Hulu’s Churn doubled over the same time period, increasing from 2.4% to 4.9%. One of the main factors contributing to customers canceling their streaming subscriptions is the explosion of new options that have recently burst onto the scene. What once was a small handful of streamers to choose from has become an array of new offerings, from Disney+ to Apple+, Peacock, HBO Max, Paramount+, Discovery+, and more. With so many diverse options, it’s only expected that viewers will bounce around a little bit.

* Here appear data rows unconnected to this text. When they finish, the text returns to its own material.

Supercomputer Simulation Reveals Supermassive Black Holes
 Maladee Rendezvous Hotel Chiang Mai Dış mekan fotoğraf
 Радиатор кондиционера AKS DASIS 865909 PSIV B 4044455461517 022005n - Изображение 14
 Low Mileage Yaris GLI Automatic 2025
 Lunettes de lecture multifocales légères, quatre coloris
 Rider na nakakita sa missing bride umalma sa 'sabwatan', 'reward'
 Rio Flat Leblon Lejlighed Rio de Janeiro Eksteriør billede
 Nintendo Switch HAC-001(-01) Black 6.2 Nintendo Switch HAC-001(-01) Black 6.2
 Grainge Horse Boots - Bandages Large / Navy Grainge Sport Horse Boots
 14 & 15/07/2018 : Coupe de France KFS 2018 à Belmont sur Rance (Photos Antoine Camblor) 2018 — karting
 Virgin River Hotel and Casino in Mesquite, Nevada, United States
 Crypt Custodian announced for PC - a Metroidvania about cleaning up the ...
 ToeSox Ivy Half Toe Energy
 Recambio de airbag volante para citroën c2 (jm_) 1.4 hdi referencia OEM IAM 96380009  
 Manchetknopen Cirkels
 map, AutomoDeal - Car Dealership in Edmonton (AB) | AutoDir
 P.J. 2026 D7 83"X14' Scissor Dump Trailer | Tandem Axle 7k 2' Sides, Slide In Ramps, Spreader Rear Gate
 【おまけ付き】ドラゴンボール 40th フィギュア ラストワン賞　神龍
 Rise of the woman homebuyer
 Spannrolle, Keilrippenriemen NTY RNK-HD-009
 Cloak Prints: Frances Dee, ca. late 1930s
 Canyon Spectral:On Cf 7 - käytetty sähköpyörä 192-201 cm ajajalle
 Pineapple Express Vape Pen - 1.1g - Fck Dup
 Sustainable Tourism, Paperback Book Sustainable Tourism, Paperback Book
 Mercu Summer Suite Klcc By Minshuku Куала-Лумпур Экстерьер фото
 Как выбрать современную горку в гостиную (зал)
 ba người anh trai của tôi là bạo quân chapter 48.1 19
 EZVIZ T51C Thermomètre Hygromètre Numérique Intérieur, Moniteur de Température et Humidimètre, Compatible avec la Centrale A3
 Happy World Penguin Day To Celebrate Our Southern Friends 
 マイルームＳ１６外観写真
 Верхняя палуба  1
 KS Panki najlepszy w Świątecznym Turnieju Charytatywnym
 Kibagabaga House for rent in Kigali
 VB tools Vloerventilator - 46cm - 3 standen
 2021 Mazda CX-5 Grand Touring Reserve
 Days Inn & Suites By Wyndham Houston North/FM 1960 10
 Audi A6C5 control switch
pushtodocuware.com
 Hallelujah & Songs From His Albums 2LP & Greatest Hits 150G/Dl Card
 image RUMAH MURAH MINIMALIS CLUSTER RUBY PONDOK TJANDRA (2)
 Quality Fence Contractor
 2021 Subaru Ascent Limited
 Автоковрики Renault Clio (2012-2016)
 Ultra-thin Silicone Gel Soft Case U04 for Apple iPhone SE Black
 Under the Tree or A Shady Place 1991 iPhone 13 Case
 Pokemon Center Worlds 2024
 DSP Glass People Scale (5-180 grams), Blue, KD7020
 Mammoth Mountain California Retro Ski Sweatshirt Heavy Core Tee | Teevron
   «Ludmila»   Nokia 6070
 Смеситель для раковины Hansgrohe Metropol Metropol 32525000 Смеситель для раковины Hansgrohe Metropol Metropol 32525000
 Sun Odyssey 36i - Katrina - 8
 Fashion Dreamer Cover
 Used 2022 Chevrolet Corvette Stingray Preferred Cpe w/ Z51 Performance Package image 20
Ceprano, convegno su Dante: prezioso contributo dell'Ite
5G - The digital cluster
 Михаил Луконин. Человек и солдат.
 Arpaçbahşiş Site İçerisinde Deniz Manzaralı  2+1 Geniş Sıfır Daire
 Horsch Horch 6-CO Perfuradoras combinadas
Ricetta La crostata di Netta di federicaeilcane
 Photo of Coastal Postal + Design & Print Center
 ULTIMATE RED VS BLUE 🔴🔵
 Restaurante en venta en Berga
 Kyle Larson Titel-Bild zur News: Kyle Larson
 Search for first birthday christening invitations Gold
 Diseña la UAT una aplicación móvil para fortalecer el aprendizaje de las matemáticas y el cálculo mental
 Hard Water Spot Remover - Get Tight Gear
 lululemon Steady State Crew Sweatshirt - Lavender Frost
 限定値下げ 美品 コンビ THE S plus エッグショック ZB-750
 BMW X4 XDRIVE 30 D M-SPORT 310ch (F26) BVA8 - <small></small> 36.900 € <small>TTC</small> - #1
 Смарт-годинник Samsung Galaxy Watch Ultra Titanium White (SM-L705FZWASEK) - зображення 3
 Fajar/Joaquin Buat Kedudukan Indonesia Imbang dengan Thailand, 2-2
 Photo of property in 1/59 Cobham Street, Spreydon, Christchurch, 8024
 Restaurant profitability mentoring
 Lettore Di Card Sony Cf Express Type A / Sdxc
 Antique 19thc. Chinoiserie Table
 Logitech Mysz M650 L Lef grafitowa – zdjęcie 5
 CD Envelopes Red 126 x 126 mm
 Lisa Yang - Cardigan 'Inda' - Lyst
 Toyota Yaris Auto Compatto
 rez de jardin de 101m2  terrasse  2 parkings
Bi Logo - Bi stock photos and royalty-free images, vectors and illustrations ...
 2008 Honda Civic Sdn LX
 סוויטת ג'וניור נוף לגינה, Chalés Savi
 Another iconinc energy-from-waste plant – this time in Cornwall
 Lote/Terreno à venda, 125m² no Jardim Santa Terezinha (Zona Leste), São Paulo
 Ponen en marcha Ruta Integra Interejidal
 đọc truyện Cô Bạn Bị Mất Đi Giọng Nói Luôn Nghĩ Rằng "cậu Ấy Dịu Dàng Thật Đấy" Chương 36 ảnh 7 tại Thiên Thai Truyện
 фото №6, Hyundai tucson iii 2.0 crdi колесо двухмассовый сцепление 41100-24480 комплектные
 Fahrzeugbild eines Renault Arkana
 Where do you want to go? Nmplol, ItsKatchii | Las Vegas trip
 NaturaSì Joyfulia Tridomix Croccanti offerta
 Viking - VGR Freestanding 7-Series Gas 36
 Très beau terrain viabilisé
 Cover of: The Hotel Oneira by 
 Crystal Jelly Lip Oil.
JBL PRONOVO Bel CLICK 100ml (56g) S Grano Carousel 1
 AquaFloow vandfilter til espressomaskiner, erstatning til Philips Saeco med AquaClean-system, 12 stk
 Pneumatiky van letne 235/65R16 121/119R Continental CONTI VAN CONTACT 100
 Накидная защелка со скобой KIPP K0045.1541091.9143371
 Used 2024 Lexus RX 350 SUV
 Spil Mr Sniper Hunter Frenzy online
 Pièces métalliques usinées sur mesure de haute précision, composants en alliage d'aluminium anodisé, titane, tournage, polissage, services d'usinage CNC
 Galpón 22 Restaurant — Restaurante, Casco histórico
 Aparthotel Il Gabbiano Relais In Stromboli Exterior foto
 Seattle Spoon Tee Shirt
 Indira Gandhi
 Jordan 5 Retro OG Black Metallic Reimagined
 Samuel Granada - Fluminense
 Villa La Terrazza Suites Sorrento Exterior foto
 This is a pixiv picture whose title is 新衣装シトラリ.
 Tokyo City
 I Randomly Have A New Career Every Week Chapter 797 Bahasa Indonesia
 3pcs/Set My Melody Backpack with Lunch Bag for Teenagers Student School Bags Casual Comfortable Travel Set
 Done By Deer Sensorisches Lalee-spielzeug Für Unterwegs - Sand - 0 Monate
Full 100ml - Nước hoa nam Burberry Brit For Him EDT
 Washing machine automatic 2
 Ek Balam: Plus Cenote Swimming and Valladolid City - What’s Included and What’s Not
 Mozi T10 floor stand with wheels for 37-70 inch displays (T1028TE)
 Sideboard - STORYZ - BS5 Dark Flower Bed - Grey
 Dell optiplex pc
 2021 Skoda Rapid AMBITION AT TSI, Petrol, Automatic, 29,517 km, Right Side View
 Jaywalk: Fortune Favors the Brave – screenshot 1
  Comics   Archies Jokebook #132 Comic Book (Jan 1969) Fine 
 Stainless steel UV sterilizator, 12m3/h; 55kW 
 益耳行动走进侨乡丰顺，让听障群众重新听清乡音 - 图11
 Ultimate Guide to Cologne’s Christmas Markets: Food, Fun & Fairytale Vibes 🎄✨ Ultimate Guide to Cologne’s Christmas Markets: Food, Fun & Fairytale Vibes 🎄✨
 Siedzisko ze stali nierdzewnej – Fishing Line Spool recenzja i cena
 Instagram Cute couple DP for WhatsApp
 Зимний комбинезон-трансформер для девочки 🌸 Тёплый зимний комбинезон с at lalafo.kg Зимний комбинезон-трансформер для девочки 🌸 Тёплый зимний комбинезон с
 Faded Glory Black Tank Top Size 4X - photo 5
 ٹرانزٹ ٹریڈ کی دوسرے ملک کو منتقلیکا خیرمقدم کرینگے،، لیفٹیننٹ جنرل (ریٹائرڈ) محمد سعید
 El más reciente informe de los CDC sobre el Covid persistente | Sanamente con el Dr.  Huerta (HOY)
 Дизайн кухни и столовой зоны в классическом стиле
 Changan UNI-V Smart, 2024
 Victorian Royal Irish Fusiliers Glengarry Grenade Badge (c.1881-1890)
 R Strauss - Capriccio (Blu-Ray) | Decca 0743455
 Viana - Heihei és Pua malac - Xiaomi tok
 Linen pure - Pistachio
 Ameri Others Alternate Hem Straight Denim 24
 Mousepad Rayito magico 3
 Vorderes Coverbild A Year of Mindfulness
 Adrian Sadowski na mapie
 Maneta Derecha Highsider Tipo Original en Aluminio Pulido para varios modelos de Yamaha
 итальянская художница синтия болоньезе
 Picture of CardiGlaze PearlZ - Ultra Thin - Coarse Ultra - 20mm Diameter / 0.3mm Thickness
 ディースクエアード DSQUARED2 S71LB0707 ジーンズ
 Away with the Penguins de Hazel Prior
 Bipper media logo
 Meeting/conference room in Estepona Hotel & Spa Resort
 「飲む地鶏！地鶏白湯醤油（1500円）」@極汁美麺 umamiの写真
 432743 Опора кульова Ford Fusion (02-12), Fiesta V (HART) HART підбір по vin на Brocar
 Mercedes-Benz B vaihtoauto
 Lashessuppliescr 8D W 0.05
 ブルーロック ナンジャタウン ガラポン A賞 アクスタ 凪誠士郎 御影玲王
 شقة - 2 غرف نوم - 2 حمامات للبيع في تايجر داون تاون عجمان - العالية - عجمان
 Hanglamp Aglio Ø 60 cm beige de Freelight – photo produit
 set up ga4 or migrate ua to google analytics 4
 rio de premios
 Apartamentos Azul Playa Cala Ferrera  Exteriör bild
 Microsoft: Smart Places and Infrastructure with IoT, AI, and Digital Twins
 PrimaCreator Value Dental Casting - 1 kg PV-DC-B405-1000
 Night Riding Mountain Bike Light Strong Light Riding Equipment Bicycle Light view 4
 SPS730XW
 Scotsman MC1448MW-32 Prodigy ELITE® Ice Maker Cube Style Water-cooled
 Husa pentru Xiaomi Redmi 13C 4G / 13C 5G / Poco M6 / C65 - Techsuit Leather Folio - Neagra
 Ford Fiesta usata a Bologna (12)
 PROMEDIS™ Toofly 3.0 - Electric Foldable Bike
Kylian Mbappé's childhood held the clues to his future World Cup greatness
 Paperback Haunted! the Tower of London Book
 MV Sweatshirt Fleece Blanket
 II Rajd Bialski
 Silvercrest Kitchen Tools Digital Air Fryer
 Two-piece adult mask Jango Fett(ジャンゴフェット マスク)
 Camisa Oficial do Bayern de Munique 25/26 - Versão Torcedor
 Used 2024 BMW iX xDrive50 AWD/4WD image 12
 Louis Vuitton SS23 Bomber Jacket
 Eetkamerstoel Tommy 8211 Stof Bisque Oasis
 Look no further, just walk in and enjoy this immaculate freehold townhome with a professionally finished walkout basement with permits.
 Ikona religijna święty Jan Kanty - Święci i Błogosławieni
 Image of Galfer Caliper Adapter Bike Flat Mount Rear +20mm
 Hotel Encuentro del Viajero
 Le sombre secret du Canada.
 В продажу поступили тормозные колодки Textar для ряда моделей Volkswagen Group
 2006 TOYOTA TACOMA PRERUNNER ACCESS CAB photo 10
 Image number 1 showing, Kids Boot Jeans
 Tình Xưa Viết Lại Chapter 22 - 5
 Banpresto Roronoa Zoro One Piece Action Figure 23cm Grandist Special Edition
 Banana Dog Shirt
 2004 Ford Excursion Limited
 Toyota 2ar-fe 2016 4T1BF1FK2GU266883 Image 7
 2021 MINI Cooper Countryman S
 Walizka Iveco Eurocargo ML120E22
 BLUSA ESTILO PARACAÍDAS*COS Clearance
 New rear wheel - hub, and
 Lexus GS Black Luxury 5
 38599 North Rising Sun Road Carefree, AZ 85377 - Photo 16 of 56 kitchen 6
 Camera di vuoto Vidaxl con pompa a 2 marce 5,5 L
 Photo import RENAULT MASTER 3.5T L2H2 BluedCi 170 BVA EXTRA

However, Netflix is the gold standard for cementing itself as a staple in consumers’ streaming arsenals. The OG platform only saw a Churn Rate increase of .1% over the last two years, and leads the industry in ‘Resubscribe Rate,’ meaning that when they do lose a customer, they are more likely than competitors to win them back.

Why do people feel such a loyalty to Netflix? For starters, it’s been around since the time of DVDs. To many, it’s what they think of as the first streaming service to hit the market. Recent surveys also show that viewers consider Netflix to have the best original content out of all the streamers. Netflix was the top choice because the streaming behemoth offers a “broad selection of content” (55%), “good original programming” (51%), “adds content I like” (49%) and “no commercials” (46%). Netflix’s investment into content has increased by nearly 10% this year, according to Bankr, the streaming provider is projected to spend $19 billion on content in 2021.

Netflix still holds a large share of the market, although its margins are shrinking.

Two years ago, Netflix and Hulu accounted for 3 out of every 4 Premium SVOD Subscriptions. But in the past two years, they have grown just 8%, and so now account for 1 out of 2 Subscriptions.

The four other Premium SVOD services that were in-market two years ago – HBO Now (now HBO Max), Showtime, Starz and CBS All Access (now Paramount+) – still make up about 1 of 4 Premium SVOD Subscriptions. But to maintain that share level in the face of new competition, they have grown 100% in the past two years, and so now operate at much more substantial scale.